The teaching has ended, and the real lesson begins.  It had been a bad night fishing, but Jesus wants them to give it a go another time.  They push out into deep water, let down their nets one more time, and catch so many fish they have to call for help.  The nets are almost ripping and the boats are filling up with fish.  There’s that filling sub-theme again.  And again, it’s too much.  Like Isaiah, Simon Peter’s first reaction to being in a great presence is to feel deeply unworthy. 

His response to Jesus: “Go away from me, Master, for I am a sinful man!” But Jesus doesn’t seem concerned.  He tells Peter to not be afraid.  From now on it’s people they’re going to catch. 

And it turns out all those fish aren’t the point of the story either.   They get left behind for someone else to process and sell.  That day Peter and Andrew, James and John, and likely a few unnamed others, get caught up in Jesus’ net of the kin-dom of God.

These stories come to us during a season when we’ve been forced to confront in an intensified way what it is we do on a daily basis – whether it be working inside or outside the home, parenting or grandparenting, studying, volunteering, or otherwise.  Whether we have extra time to ponder these questions or whether we’re mostly just in survival mode. 

The temptation of call stories can be that there’s just one right path for us in this world and if we haven’t discovered what that is yet that it’s another sign that we’re unworthy of it anyways.  There may indeed be something that better suits your gifts or interests or personality, something much more fulfilling than what you’re doing now, but being called is much more than just finding the right job, or the right time to retire from that job.

We’re talking here about a Presence, a glory, a weightiness that fills all things.  Fills temples with smoke, fills boats with fish, fills all the earth and all creation with the pulse of life.  In that sense, there’s nothing we can do, no job or hobby, that doesn’t put us into contact with this Presence.  Every task is an occasion to love.  Every work an opportunity to witness glory. 

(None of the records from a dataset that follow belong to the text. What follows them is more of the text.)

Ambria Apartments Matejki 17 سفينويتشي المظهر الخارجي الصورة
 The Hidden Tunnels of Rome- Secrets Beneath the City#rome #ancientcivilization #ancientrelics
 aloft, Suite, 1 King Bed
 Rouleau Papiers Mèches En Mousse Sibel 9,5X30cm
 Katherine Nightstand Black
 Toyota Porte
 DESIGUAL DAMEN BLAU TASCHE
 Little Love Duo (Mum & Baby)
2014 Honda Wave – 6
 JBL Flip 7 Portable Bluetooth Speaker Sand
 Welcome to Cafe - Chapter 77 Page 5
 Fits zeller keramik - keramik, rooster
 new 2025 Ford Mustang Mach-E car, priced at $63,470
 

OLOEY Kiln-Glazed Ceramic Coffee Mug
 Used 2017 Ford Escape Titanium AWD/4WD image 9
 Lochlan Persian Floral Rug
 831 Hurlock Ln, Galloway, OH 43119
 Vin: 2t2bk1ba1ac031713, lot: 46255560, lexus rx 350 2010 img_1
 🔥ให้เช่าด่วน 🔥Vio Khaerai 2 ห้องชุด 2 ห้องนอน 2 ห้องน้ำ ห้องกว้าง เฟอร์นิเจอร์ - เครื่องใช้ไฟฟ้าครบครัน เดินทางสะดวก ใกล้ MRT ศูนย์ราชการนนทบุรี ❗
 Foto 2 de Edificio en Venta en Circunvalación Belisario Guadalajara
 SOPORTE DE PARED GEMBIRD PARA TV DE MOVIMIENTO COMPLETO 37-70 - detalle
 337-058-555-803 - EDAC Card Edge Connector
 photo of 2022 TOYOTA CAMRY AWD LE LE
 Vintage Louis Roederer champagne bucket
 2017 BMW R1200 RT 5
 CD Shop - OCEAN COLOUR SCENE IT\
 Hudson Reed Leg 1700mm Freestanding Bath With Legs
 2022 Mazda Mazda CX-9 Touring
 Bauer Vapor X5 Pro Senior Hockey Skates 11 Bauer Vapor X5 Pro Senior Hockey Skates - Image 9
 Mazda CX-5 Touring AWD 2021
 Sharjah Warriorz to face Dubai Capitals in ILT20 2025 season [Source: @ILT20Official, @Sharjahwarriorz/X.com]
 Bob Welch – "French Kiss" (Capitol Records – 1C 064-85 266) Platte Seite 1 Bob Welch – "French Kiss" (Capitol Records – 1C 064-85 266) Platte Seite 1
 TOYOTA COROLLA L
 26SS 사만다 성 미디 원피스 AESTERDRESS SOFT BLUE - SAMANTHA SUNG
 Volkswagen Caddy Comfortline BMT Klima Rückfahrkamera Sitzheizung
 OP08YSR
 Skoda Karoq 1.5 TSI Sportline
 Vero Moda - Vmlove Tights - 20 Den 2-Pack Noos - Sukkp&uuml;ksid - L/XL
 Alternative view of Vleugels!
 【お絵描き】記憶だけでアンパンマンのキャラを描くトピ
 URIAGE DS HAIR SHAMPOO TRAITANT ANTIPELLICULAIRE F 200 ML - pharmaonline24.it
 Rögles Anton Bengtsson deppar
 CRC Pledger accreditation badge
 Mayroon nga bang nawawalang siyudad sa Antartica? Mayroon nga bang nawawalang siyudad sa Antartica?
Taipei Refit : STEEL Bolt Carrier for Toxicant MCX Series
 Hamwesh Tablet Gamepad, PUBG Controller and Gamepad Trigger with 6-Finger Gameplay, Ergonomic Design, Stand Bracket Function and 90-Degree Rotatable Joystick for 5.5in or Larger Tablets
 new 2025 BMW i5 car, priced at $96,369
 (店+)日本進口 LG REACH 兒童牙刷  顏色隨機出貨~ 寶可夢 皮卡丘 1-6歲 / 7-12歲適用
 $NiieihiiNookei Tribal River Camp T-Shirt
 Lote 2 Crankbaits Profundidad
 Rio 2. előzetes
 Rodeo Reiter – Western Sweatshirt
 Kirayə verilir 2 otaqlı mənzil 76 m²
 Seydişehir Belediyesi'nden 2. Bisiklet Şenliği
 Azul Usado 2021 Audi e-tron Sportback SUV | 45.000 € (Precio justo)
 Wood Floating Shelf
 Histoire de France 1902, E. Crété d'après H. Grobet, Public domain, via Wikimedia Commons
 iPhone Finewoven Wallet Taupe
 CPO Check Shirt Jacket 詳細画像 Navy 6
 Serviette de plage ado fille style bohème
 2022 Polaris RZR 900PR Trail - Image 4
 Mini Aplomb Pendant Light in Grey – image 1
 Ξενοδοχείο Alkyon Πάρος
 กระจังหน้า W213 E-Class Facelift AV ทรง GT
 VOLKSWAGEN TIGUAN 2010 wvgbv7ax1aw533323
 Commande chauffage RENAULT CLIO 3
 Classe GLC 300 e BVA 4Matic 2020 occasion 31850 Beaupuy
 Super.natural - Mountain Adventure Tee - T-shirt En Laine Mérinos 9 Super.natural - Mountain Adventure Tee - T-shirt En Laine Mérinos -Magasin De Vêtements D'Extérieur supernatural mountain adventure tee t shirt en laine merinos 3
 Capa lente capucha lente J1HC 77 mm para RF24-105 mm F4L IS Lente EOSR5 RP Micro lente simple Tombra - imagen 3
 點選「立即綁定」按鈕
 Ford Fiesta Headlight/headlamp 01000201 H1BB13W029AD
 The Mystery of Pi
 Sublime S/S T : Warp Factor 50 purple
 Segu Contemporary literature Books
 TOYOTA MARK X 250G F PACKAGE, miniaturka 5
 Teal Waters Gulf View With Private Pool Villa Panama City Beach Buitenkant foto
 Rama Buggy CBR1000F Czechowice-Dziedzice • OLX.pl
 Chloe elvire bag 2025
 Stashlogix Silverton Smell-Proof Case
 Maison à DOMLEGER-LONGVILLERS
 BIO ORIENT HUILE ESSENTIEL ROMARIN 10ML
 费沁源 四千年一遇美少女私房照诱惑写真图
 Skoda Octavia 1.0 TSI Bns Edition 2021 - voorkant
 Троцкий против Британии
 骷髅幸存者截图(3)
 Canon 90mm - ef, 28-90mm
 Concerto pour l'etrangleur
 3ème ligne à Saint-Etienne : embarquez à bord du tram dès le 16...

Or, as Desmond Tutu learned young in life and practiced throughout his life, every human encounter a chance to convey dignity to the other.

We are in some sense, like Isaiah and Sarah, Peter and Mary Magdalene, unworthy of any of this.  We are small.  We are underprepared and unqualified.  We fear vulnerability and the unknown.  If we get right down to it, we are lost. 

Jesus doesn’t argue with Peter about whether or not he’s worthy.  The angels don’t argue with Isaiah about whether he has unclean lips.  Jesus says “Do not be afraid.”  The angel touches Isaiah with a mere coal of the altar all aflame with God.   The Spirit is always calling.  No one and everyone is worthy. 

The whole earth is filled with Divine glory, which means we are too, even if that’s the hardest thing of all to see.